Idaho's one-party peril

By Robert Herold

These days, we have to look mighty hard to find Democrats in Idaho. George W. Bush got upwards of 70 percent of the vote, and even in the 1996 GOP national debacle, Bob Dole made off with nearly 60 percent -- and that was with Ross Perot in the race. Nor have the Democrats fared any better in statewide congressional races, nor, since the retirement of Cecil Andrus, in the gubernatorial elections. State legislative races mirror the situation facing the Democrats. Republicans, to no surprise, think all this is just fine.

Will the last Democrat to leave Idaho... well, just leave. That's how the Republicans feel, as they do a bit of chest pounding. It's a long way from Frank Church, that's for sure.

But what, I ask, if it is the GOP, not the Democrats, that finds itself at risk? I don't mean to say that Democrats should think for a moment that they have the Republicans right where they want them. Nor is complacency the question. Republicans may well have become more complacent, but that alone will not save the Democrats. Rather the Republicans risk self-destructing from the inside out should they get their fondest wish -- that is to turn Idaho into a one-party state.

Idaho Republicans, let me boldly suggest, are best served not by a one-party state, but by a competitive two-party political process, something they presently don't have.

A half-century ago, the political scientist V.O. Key wrote what is a now very out-of-date book, but it remains a classic: Southern Politics in State and Nation. At the time, you will recall, the entire South was a one-party region, Democrats all. Memories of the Civil War and, even more so, memories of the Republican-led Reconstruction pushed the region firmly into the D column for decades. The effect of this one-party region was that the South exercised far greater power in the Congress that its population or economic importance would warrant.

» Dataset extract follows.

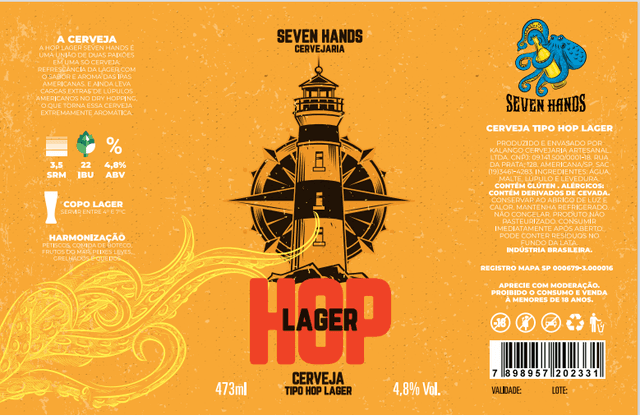 Hop Lager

The single issue that rallied the South was, as Key termed it, "black belt politics." The question of segregation and the related issues of states' rights cast the unifying shadow. But beneath this seeming political solidarity, Key discovered there were burning and even festering issues that simply weren't being addressed. The reason? Years of one-party rule left the region lacking in the political institutions necessary to address anything that fell outside the mainstream political orthodoxy.

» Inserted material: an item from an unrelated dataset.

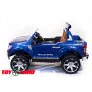 Электромобиль ToyLand Ford Ranger синий - Фото 3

What emerged were various political pathologies all masked as evidence of solidarity. Virginia, for example, found itself under the heavy hand of a statewide political organization that made Alabama, as Key put it, look like a hotbed of democracy. I refer to the Harry Byrd oligarchy headquartered in Winchester out in the Blue Ridge part of the state. D.C. area folks used to mutter that they paid all the taxes and rural Virginia got all the roads. The organization was tighter and more disciplined than anything ever seen in Chicago. It was also far less diversified than any big city machine, and as a result not nearly as responsive -- or socially responsible.

But in another of these one-party states, Key found the other end of the spectrum, what he called "every man for himself" politics. Emerging from this form of political theater came, to no surprise, various forms of demagoguery played out as populism. Meanwhile, the South became a political landscape that time forgot. Obvious problems never got solved; the ruling class was happily untouchable, but the people suffered for this lack of social progress.

Back to Idaho: Beneath the surface solidarity evidenced by the recent election results, there is reason to believe that many cleavages and issues exist, none of which can effectively be translated into mediated public policy under the current circumstances. The list of issues is actually rather long.

Consider something so obvious as the tension between environmental concerns and energy development. Or take the lingering problem of dams and salmon. Then we have places such as Boise that are beginning to experience the more usual range of urban problems. I note that recently the individualists and property rights folks in this emerging urban center declared off limits for development the foothills surrounding the city and did so by taxing themselves. Certainly doesn't sound like Bush-Cheney supply-side, property rights stuff to me.

What is needed to attack these and other issues is a healthy two-party system, for it is through such competition that the serious questions attendant to governing can be associated with winning and losing elections.

America has always had a love-hate relationship with party politics. Over the past century, the Progressives and their spiritual offspring have managed to hold governance hostage to retail politics, inflamed by media-driven huckstering. They have sold us on the terrible idea that we should vote for issues and candidates, but not parties. "I vote for the man (or woman)" has become our self-destructive mantra.

As a result, the health and performance of our parties has slipped. That said, these much-maligned mediating institutions continue to offer us the best hope of drawing that necessary linkage between election results and governance, and through this, they continue to offer our only hope of responsible and effective government. Governance is about organization more than the candidate and always will be.

But like the conservatives in the South of a half century ago, the perennial losers might just figure out that success can come more easily from within an ever-more amorphous Republican party than it can if they remain labeled as Democrats. Eventually, and in Idaho's case this may already be happening, everybody in a one-party state joins that party. But when that happens, you land in that twilight zone of everybody being a Republican but nobody being a Republican at the same time. Without an opposition party, being a Republican loses all definition.

To get the best that a strong two-party system has to offer, parties need competition. Otherwise, the important issues and cleavages of the day, as in the South, are pushed underground or into those smoke-filled back rooms where really bad things happen.

Such is the threat to politics and governance in Idaho unless the Democrats can somehow stage a comeback. How to do this will be a trick, but it can be done. After all, Idaho was once a strong Democratic state, and the South is now Republican country. Times -- and political fortunes -- change.

The transformation of the South into a two-party region came about for many reasons, many of them as a result of the one-party system ignoring problems for years. Racism is the most obvious example. Lyndon Johnson's civil rights initiatives of the early '60s contributed most directly to the rise of the Republican Party. It was the election of 1964 that saw, for the first time in almost a century, the South vote for the Republican candidate.

Still, none of this would have happened if the GOP had failed to more effectively organize so as to compete at the polls when the old one-party system started to crack. Unlike in the South during those tumultuous times, Democrats in Idaho do not have any single galvanizing issue around which to rally. Nor are they demonstrating much ability at organization. But no one should cheer their losses at the polls, for in the end it will be the citizens of the state who will be the real losers.